### Data block ###

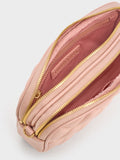 Mini Apfra Quilted Crossbody Bag_Light Pink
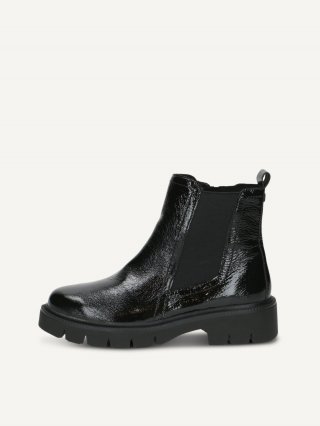 Caprice Stiefelette - Schwarzes Nappaleder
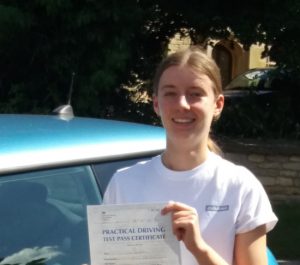 Driving Lessons in Kettering | Megan Passed with Flexdrive Driving School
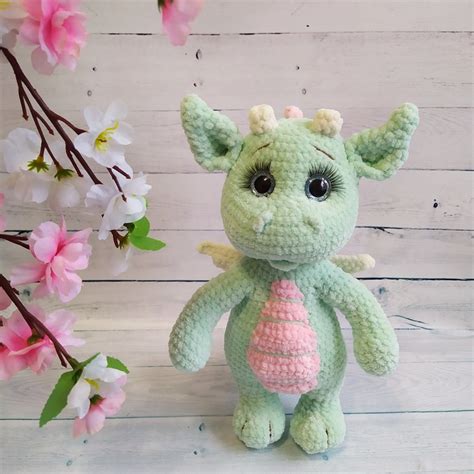 Crochet Pattern Dragon Plush Crochet Dragon Baby Amigurumi Etsy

###

=== Exercise directions ===
Restate the listing word for word, pictures omitted.

=== Written answer ===
 Mini Apfra Quilted Crossbody Bag_Light Pink
 Caprice Stiefelette - Schwarzes Nappaleder
 Driving Lessons in Kettering | Megan Passed with Flexdrive Driving School
 Crochet Pattern Dragon Plush Crochet Dragon Baby Amigurumi Etsy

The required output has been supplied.